Think you know the latest tricks for carving a creepy pumpkin? The pros continue to push the barriers.
A handful of people become professional pumpkin carvers each fall, specializing in fantastical designs. Among them are Alex Wer, self-styled "Pumpkin Geek," who lives near Sacramento, Calif.; Scott Cummins, a Perryton, Texas, middle-school art teacher; and Marc Evan and Chris Soria, the Maniac Pumpkin Carvers of New York City.
Wer does his carving between insurance sales and an evening package-delivery route. He works with the fake, foam pumpkins sold at craft stores, so his intricate work has longevity.
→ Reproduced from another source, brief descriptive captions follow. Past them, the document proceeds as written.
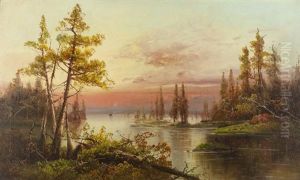 Sunset Over A Wooded Landscape by Yuliy Yulevich (Julius) Klever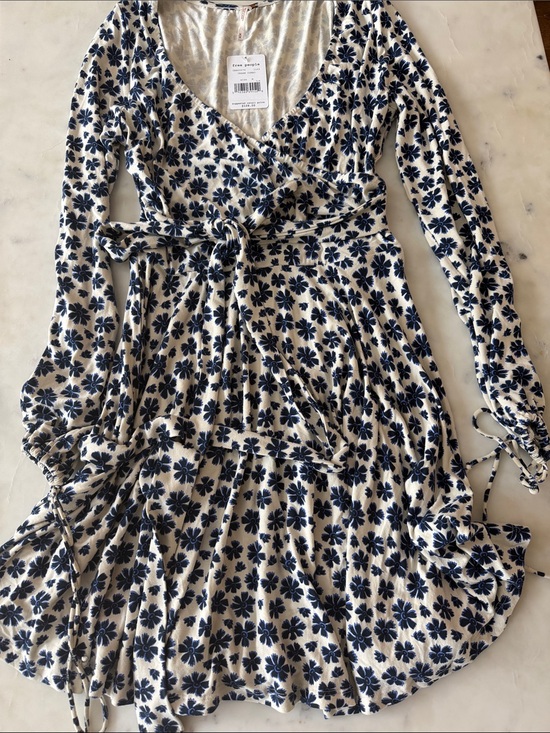 Free People Dresses & Skirts - Free People Floral Faux Wrap Dress - Cream with Navy Flowers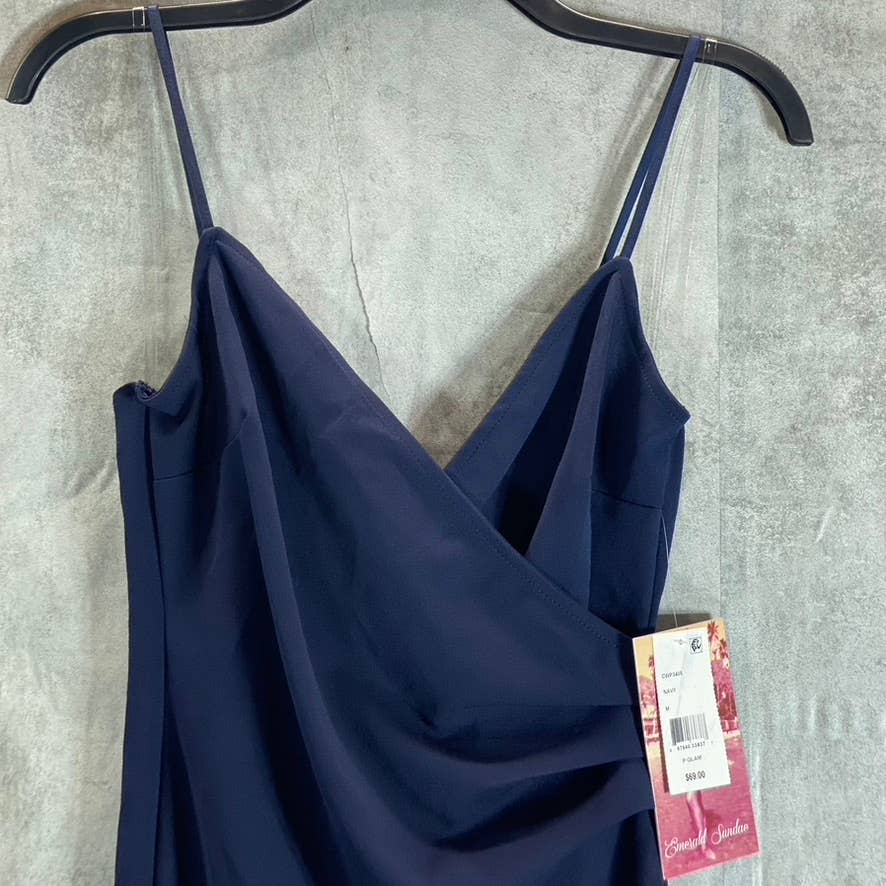 EMERALD SUNDAE Juniors' Navy Surplice V-Neck High-Slit Adjustable Straps Gown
Evan and Soria drop their jobs as illustrators for a few months to carve pumpkins for festivals, parties and individual clients. The long hours leave the two childhood friends battling sore wrists and aching backs by late November.
"It's a labor of love," says Evan, who also carves pumpkins on the Food Network's "Halloween Wars" this season. "Pumpkin carving is definitely not the easiest way to make money. It's not a 'get rich quick' scheme."
For inspiration, scroll through these carvers' websites — The Pumpkin Geek, Pumpkin Gutter, Maniac Pumpkin Carvers. Or check out the creepy, three-dimensional portraits at Villafane Studios.
Here are some of their tips of the trade:
1. Choose Your Pumpkin Wisely
"You want to have a stem, and you want it to be a healthy stem because that stem is still providing nutrients for the pumpkin," says Soria.
Don't cut into your pumpkin around that perfect stem. Instead, access the pumpkin from its backside to help preserve freshness. Cutting out a stem cap weakens the Jack-o'-lantern, says Evan. And hiding the opening in the back gives the pumpkin more visual punch.
"It's aesthetically more pleasing seeing the glow from (only) the design, not creeping out from where we might have cut the hole at the top," says Evan.